Short text fragments from websites
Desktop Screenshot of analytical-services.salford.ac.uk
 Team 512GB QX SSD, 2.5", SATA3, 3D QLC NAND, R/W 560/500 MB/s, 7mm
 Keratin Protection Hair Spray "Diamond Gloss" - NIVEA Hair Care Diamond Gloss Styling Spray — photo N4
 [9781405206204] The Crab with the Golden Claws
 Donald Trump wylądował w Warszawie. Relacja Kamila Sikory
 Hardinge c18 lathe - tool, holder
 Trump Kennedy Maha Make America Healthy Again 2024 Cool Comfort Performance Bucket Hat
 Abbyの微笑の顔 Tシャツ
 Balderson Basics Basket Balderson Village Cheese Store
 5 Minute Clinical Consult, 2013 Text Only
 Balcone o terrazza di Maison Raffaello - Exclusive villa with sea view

About this task
The expected answer is a copy of every line in the entries that holds the word "Trump".

Exercise answer
 Donald Trump wylądował w Warszawie. Relacja Kamila Sikory
 Trump Kennedy Maha Make America Healthy Again 2024 Cool Comfort Performance Bucket Hat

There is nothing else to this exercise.